Fellow Democrats at a recent state party meeting elected Elizabeth “Liz” Johnson of Bulloch County to represent Georgia on the Democratic National Committee.
Page Gleason resigned from one of the state’s six elected DNC seats earlier this year to become executive director of the Democratic Party of Georgia. So the election at the Dec. 3 meeting of the party’s state committee in Peachtree City was to fill the remainder of her term, explained Eric Gray, communications director for the state party.
With the state chair and vice chair holding automatic seats, Georgia has a total of eight representatives on the DNC. The committee oversees the party’s national operations, sets rules for primaries and caucuses and helps determine national political strategy.
“As I’ve been telling everybody that’s been congratulating me, this is about more than just me,” Johnson said. “It’s about all of us, and it’s exciting to bring a rural Georgia voice to the national Democratic Party.”
Johnson has served in local Democratic politics in various roles for about 16 years. She is currently first vice chair of the Bulloch County Democratic Party. In January she was elected the party’s 12th Congressional District chairperson, and she also serves as 12th Congressional District director for the Georgia Federation of Democratic Women.

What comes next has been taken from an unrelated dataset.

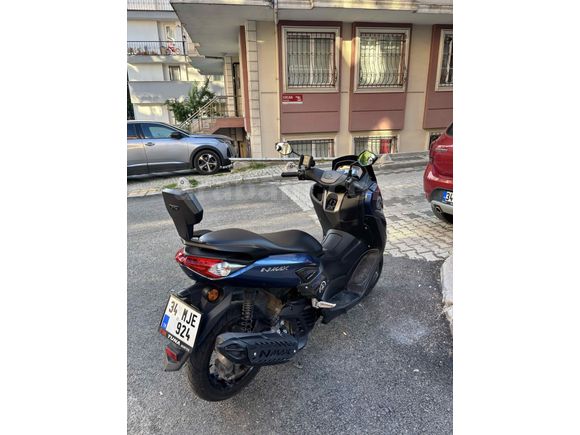Sahibinden Yamaha N-Max 125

Her previous roles included a term as co-chair of the county party and leadership of its “Get Out the Vote” Committee.
“With Liz’s long history in Democratic politics here in Georgia, she’s going to be an excellent voice to go up there and advocate for our values, and that’s important because we’ve got Democrats of all different heights and colors and shapes, and it’s good to have good, solid Georgia representation there,” Gray said.

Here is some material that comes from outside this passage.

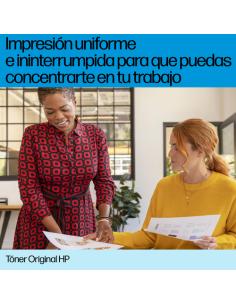 HP LaserJet Cartucho de Tóner Original 139A negro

As a DNC member in 2012, Johnson will be an automatic delegate to the national convention in Charlotte, N.C., in September. She, among about 50 Georgians after county parties name their delegates, Gray explained, will have a vote for the presidential nominee. Of course, that vote will be a formality because President Obama is the only contender.
Otherwise, Johnson said, she has been advised to expect a national committee meeting about once a quarter, requiring some travel.
Professionally, Johnson has worked almost 39 years in the insurance industry, first in administration and later in sales. About a month ago, she took a new job in sales and leasing at Franklin Chevrolet in Statesboro. Personally, she and her husband have seven children as a blended family and now nine grandchildren and two great-grandchildren.
In civic life, she is beginning a second three-year term on the board of Statesboro Regional Library and was previously active in volunteer work with the Statesboro Noon Lions Club and Habitat for Humanity.
Johnson was one of five candidates, all women, who vied for the DNC seat at the Peachtree City meeting, which Gray said was attended by about 170 people. In a process that Gray compared to the TV show “Survivor,” each round of voting eliminated only the bottom vote-getter as long as no candidate received more than 50 percent of the votes. It took four rounds for Johnson to emerge the victor, outpolling Laverne Gaskins, from the Valdosta area, in the final round.
“It was exciting and there were some incredible women, so I felt honored just to be one of the candidates,” Johnson said.
Because the special election was to a partial term, Johnson will have to stand for election again at a state party meeting in August if she wants a full, four-year term on the DNC.
The state committee also adopted its 2012 platform at the Dec. 3 meeting. Saying she is focusing on learning her new role, Johnson declined to discuss the platform at this time.
“My focus is to keep our rural, suburban and urban party members informed and united,” she said.